-- Dataset entries --
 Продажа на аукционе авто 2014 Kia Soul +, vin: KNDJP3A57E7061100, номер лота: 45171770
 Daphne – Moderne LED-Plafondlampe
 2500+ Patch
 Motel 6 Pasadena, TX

* * *

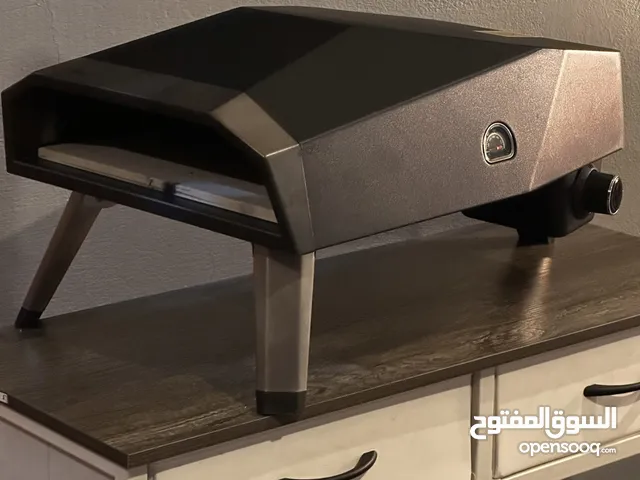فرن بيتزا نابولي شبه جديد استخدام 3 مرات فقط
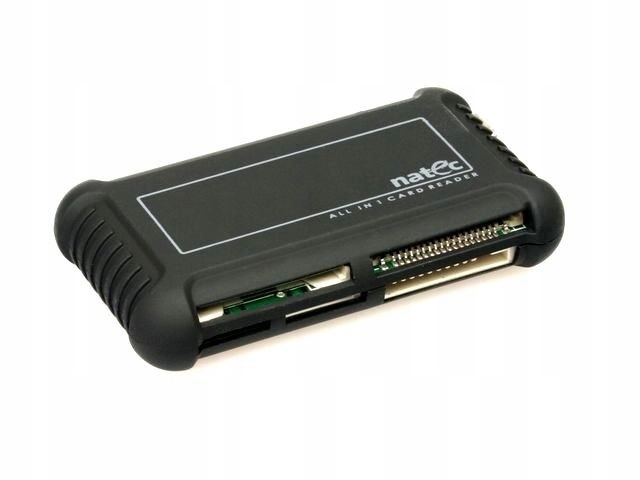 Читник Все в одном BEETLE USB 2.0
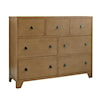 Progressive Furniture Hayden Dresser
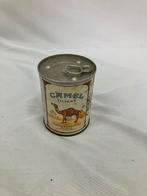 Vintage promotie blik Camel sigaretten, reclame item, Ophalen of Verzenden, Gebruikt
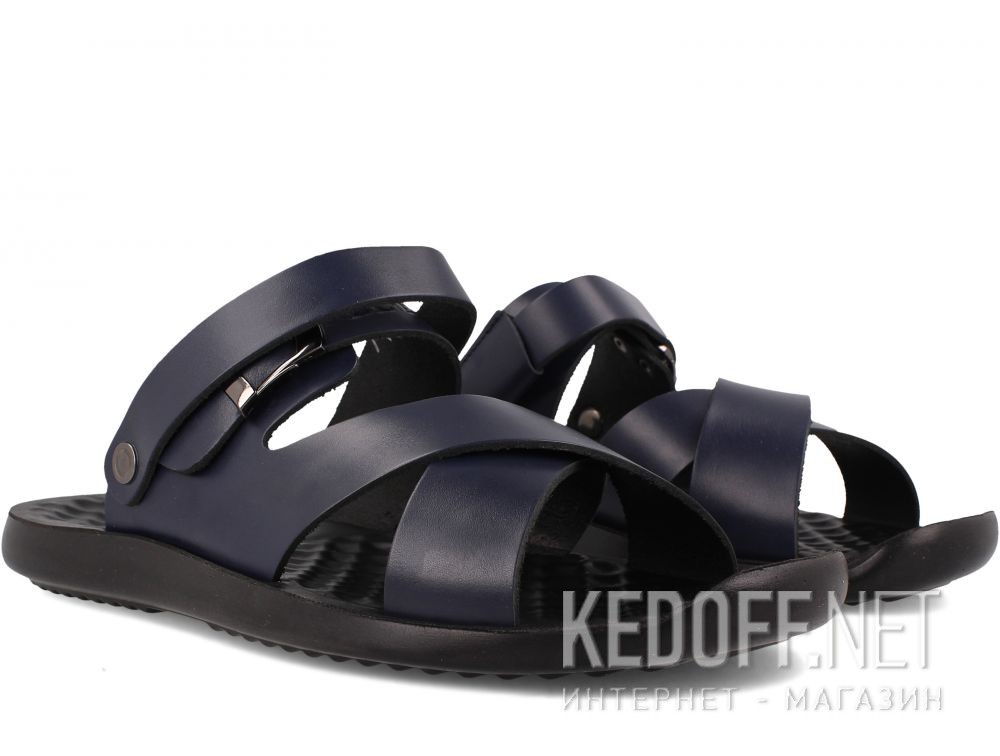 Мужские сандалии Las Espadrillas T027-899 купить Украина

-- What is expected --
Copy out the range of lines above starting at the line with "Продажа на аукционе" and ending at the line with "Motel 6 Pasadena, TX", exactly and including both.

-- Result for this task --
 Продажа на аукционе авто 2014 Kia Soul +, vin: KNDJP3A57E7061100, номер лота: 45171770
 Daphne – Moderne LED-Plafondlampe
 2500+ Patch
 Motel 6 Pasadena, TX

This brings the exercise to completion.